Digital Economy Bill

The next item of business is consideration of legislative consent motion S5M-03925, in the name of Fergus Ewing, on the Digital Economy Bill. I call Fergus Ewing to move the motion.

Motion moved,

That the Parliament agrees that the relevant provisions of the Digital Economy Bill, introduced in the House of Commons on 5 July 2016, relating to the Scottish Ministers laying down fees and rules for the Lands Tribunal for Scotland in cases concerning the Electronic Communications Code and Part 5 (Digital government), so far as these matters fall within the legislative competence of the Scottish Parliament, or alter the executive competence of the Scottish Ministers, should be considered by the UK Parliament.—[Fergus Ewing]

I call Edward Mountain to speak on behalf of the Rural Economy and Connectivity Committee.


As convener of the Rural Economy and Connectivity Committee, I will make the following comments on the United Kingdom Parliament’s Digital Economy Bill legislative consent memorandum. The committee was concerned about the extremely tight timeframe that it was given for consideration of the memorandum. I say for the record that the committee received no advance notice from the Scottish Government that the memorandum was likely to be laid before the Scottish Parliament.
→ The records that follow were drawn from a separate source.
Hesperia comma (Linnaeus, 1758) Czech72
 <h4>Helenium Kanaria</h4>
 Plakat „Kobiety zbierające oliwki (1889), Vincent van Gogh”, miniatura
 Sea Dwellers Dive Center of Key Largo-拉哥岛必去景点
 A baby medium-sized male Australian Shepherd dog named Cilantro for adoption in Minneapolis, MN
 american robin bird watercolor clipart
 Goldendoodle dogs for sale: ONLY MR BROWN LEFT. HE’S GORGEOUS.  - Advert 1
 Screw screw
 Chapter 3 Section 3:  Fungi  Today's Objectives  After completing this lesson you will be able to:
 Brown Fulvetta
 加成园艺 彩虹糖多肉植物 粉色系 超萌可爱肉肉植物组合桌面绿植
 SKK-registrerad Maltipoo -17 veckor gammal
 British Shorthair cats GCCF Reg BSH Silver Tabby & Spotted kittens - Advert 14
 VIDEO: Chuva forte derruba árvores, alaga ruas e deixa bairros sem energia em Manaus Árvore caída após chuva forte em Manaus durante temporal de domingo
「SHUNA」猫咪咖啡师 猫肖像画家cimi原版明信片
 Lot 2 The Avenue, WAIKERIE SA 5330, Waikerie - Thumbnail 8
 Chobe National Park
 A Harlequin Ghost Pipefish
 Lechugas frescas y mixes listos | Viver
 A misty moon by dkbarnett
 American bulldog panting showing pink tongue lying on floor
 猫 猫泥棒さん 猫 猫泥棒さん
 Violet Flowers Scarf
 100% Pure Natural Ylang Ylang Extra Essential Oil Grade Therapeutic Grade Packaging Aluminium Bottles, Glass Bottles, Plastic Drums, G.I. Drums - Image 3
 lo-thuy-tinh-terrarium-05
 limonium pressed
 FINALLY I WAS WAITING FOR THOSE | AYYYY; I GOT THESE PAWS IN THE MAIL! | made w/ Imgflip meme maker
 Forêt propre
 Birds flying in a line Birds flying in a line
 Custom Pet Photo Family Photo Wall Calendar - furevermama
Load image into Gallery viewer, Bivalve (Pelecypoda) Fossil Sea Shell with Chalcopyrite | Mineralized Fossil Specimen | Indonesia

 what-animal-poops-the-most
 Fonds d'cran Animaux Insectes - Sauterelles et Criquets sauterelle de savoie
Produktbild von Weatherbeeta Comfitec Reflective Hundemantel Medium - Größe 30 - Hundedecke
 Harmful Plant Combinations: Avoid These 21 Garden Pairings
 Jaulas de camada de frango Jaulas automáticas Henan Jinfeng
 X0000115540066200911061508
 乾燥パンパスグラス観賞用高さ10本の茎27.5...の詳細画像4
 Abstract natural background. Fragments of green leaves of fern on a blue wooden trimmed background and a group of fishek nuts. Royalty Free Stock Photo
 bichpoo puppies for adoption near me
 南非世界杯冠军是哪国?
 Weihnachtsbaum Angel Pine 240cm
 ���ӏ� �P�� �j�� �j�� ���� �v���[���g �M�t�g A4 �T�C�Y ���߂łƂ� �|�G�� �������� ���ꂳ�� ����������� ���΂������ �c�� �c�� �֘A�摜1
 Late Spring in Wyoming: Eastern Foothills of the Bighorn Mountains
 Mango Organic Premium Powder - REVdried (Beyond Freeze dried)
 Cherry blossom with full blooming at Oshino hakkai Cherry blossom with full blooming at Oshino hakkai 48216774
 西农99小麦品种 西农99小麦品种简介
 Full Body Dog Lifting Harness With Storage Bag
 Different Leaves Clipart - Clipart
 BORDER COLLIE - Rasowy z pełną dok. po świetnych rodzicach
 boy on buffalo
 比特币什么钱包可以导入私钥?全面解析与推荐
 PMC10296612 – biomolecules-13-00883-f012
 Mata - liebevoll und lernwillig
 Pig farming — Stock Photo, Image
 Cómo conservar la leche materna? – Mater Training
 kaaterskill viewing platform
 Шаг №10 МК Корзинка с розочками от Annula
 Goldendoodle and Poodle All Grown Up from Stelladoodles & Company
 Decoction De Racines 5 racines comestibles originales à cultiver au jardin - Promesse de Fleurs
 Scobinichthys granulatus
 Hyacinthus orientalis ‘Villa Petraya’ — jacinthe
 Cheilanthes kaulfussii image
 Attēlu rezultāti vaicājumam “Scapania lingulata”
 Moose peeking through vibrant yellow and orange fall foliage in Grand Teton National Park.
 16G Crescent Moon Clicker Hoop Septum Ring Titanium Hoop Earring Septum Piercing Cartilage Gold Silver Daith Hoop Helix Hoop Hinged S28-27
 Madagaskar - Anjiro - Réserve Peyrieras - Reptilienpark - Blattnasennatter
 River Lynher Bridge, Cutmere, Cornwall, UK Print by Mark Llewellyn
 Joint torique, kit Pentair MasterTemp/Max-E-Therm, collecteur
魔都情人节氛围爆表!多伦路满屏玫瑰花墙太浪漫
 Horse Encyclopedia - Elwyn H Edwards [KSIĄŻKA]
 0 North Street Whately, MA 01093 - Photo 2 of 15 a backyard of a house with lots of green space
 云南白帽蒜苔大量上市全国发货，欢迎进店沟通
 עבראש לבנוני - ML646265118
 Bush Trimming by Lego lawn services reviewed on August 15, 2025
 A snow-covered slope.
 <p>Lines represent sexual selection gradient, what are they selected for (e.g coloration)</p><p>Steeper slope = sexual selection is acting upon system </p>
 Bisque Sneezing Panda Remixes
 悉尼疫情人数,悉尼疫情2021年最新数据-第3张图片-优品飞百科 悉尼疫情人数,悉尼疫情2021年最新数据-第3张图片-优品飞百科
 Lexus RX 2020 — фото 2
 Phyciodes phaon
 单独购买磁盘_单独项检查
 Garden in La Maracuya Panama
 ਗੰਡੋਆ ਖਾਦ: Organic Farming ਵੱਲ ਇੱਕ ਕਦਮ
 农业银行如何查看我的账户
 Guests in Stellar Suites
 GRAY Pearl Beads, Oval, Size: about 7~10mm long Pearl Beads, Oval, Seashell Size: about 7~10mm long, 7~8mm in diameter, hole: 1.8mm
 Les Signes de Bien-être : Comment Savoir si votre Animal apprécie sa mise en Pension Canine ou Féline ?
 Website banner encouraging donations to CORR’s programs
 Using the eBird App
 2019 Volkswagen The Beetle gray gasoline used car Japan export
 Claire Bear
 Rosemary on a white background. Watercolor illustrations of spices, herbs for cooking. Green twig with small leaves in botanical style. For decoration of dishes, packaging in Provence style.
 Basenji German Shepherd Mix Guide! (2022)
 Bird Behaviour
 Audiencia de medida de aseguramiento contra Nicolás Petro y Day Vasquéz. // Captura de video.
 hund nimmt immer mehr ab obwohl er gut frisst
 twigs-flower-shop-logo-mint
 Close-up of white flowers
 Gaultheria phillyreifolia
It appears that there are two areas of the bill for which the consent of the Scottish Parliament is required. The committee is satisfied with the first provision, which will allow Scottish ministers to lay down fees for the Lands Tribunal for Scotland to charge for hearing disputes under the electronic communications code.

However, in relation to the provisions in part 5 of the bill, on data sharing across public bodies, the committee was unable to examine the policy implications of the concerns that were raised by the Delegated Powers and Law Reform Committee. Furthermore, it believes that the data-sharing provisions would fall within the remit of other committees that have had no opportunity to consider them during the process.

The passage of this memorandum demonstrates, I believe, the limitations of the Scottish Parliament in respect of scrutinising LCMs within the very tight timescales with which committees are often presented. For that reason, the committee chose to note the memorandum rather than to pass comment on it. I will make no further comment, but I welcome the discussion that will be had on the subject.


I echo the concern about the timescale that has been allowed for scrutiny of the memorandum, which makes it especially difficult for committees to do their job and to ensure that legislation that comes to Parliament is fit for purpose.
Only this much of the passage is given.